Input data -
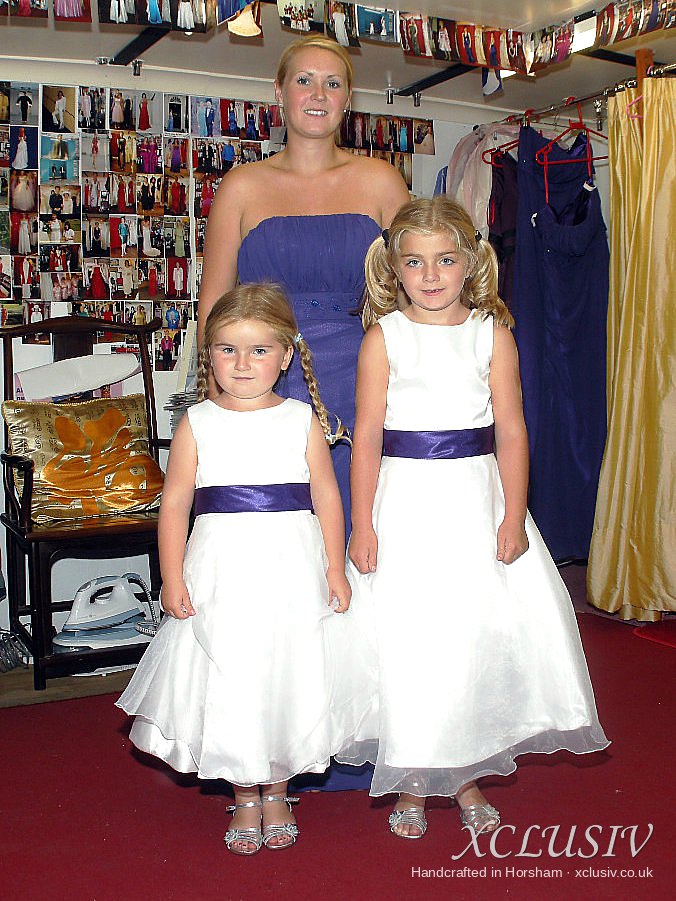 Indigo Chiffon Strapless Bridesmaid Dress with Flower Girls – XCLUSIV Horsham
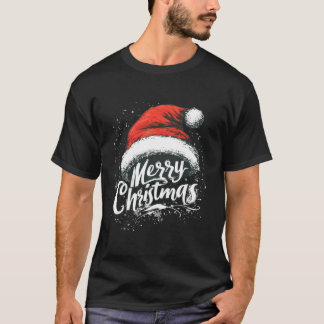 T-shirt Joyeux Noël Rouge Chapeau Noël Joyeux Famille de N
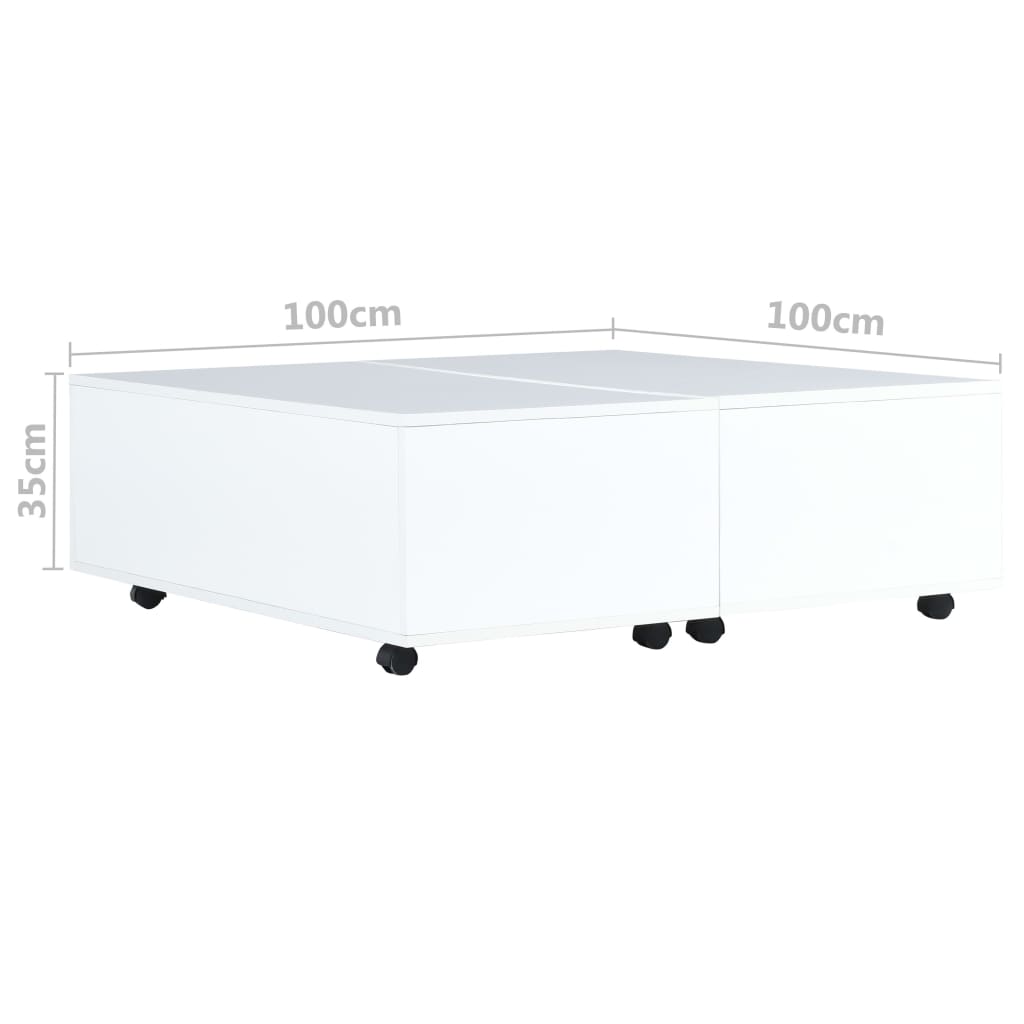 Berkfield Coffee Table High Gloss White 100x100x35 cm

About this exercise -
Give back the whole listing as it stands, minus its pictures.

Written response -
 Indigo Chiffon Strapless Bridesmaid Dress with Flower Girls – XCLUSIV Horsham
 T-shirt Joyeux Noël Rouge Chapeau Noël Joyeux Famille de N
 Berkfield Coffee Table High Gloss White 100x100x35 cm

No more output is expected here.